**Your objective:** Repeat every line from the line containing "Казбек и Дарьяльское" to the end of the data, exactly. Leave the pictures out.

**Task data:**
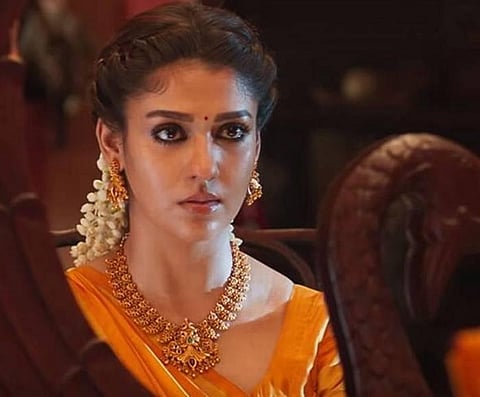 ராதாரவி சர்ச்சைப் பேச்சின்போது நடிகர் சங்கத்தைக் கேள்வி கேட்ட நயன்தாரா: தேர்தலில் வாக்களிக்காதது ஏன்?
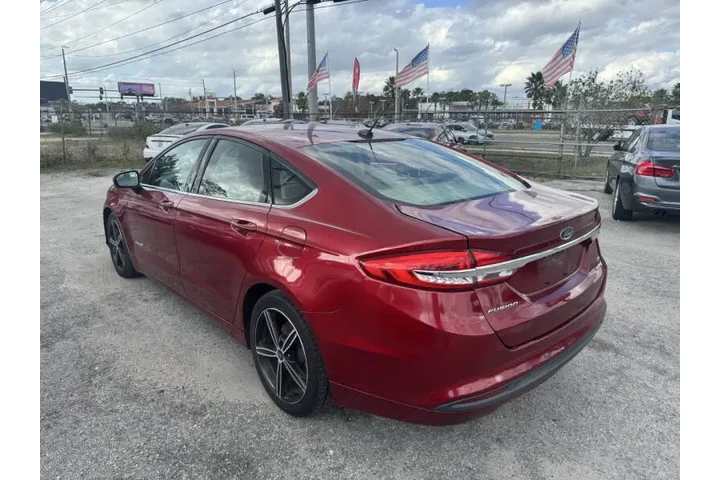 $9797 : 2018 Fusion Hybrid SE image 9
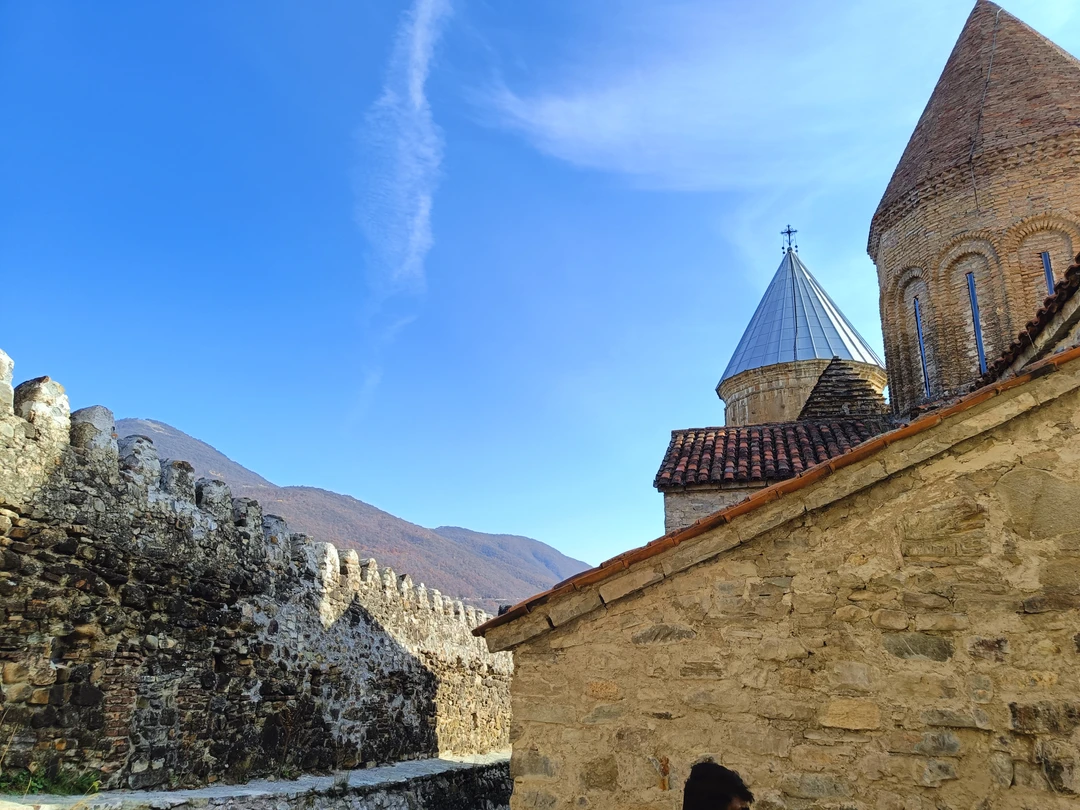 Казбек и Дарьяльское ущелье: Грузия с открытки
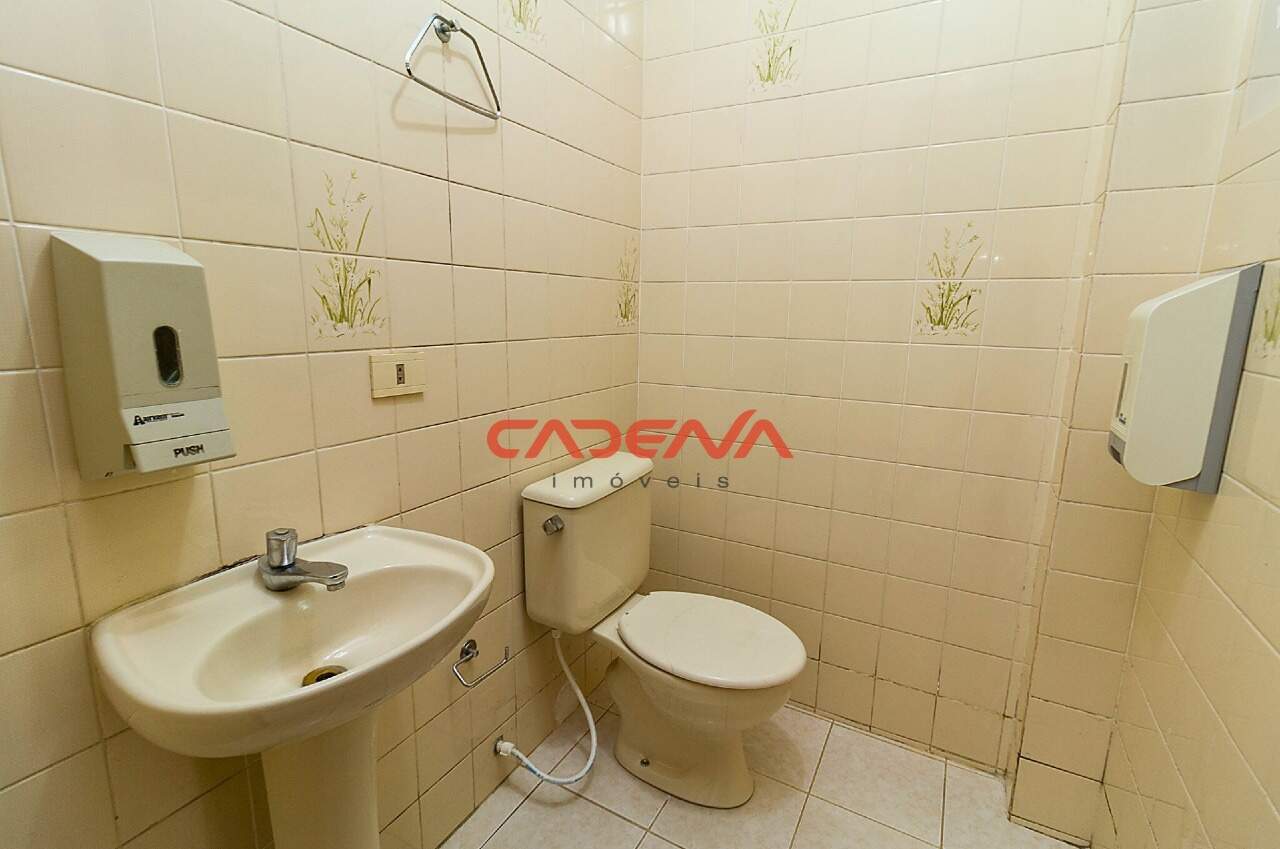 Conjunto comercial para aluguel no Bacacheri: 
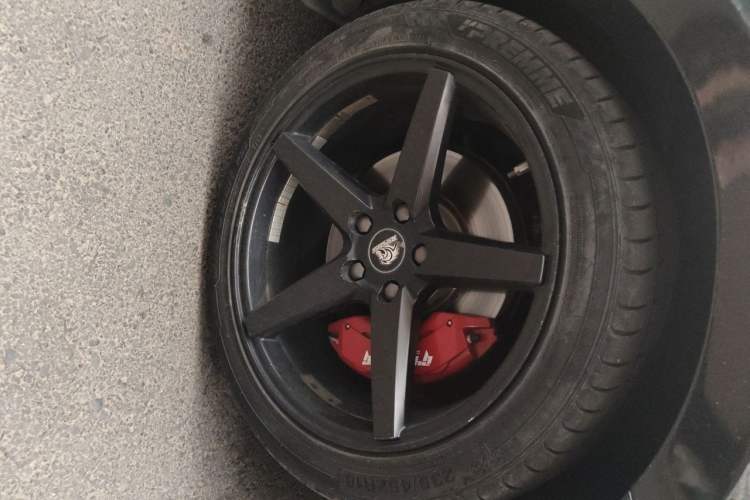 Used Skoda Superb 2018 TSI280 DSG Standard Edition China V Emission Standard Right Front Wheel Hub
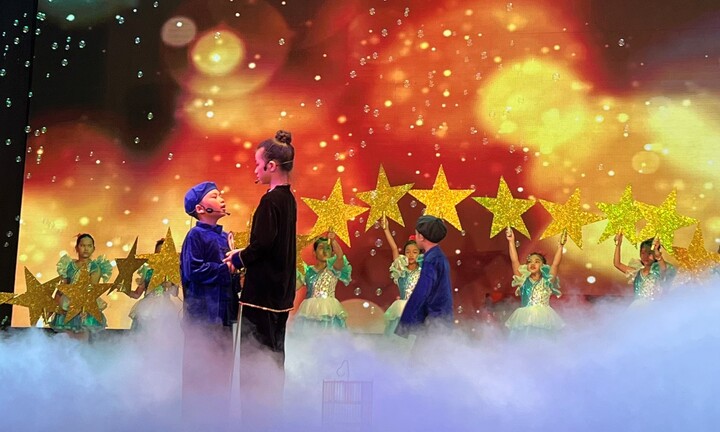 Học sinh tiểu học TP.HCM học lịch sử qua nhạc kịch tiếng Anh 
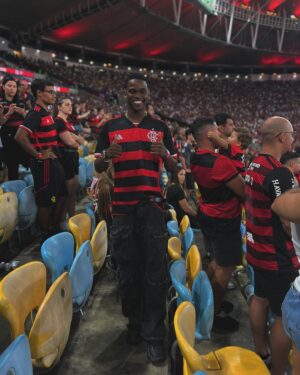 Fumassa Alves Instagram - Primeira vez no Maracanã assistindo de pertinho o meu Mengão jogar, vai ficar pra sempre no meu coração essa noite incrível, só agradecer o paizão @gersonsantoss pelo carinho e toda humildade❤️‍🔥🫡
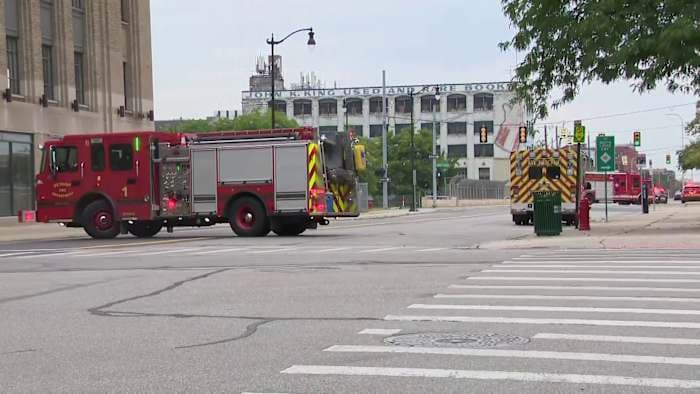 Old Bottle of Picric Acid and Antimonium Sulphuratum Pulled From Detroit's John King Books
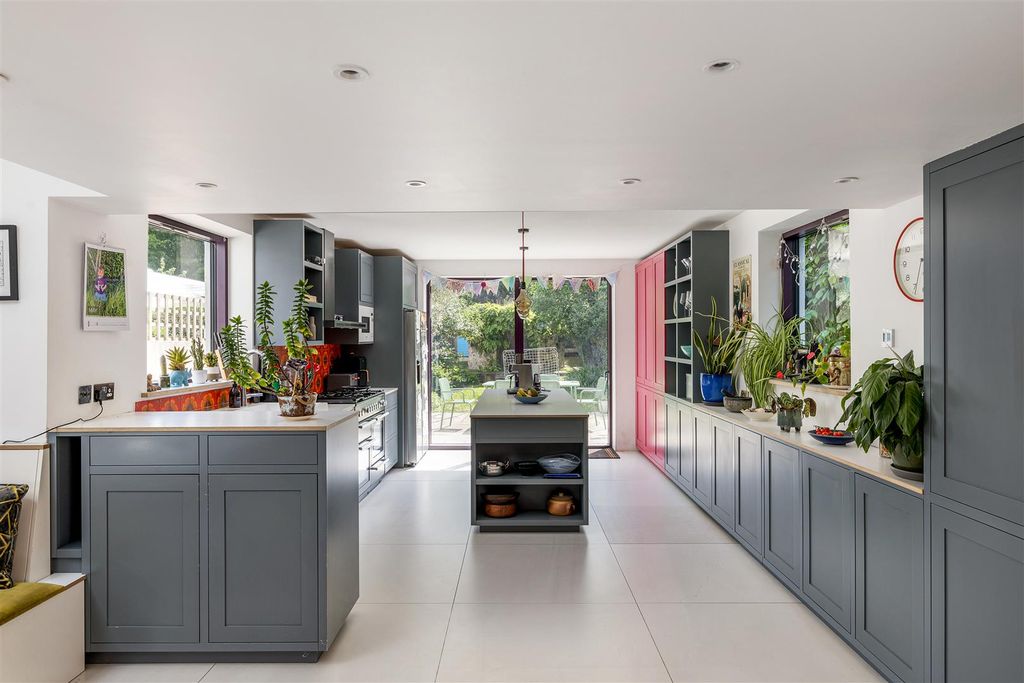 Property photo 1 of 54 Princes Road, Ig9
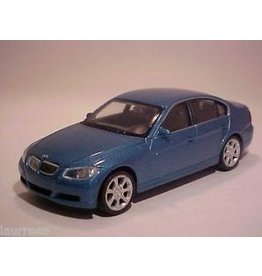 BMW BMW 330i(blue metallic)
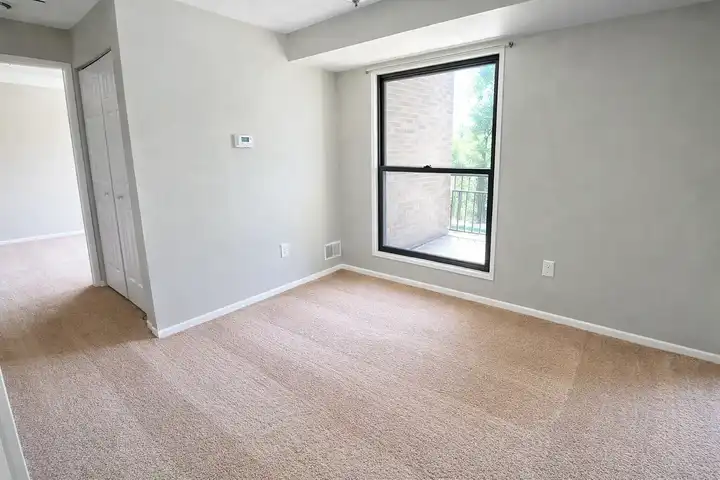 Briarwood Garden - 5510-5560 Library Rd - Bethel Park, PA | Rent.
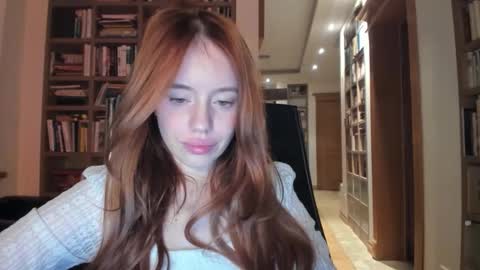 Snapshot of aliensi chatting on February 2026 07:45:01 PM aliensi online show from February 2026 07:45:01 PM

**Finished exercise:**
 Казбек и Дарьяльское ущелье: Грузия с открытки
 Conjunto comercial para aluguel no Bacacheri: 
 Used Skoda Superb 2018 TSI280 DSG Standard Edition China V Emission Standard Right Front Wheel Hub
 Học sinh tiểu học TP.HCM học lịch sử qua nhạc kịch tiếng Anh 
 Fumassa Alves Instagram - Primeira vez no Maracanã assistindo de pertinho o meu Mengão jogar, vai ficar pra sempre no meu coração essa noite incrível, só agradecer o paizão @gersonsantoss pelo carinho e toda humildade❤️‍🔥🫡
 Old Bottle of Picric Acid and Antimonium Sulphuratum Pulled From Detroit's John King Books
 Property photo 1 of 54 Princes Road, Ig9
 BMW BMW 330i(blue metallic)
 Briarwood Garden - 5510-5560 Library Rd - Bethel Park, PA | Rent.
 Snapshot of aliensi chatting on February 2026 07:45:01 PM aliensi online show from February 2026 07:45:01 PM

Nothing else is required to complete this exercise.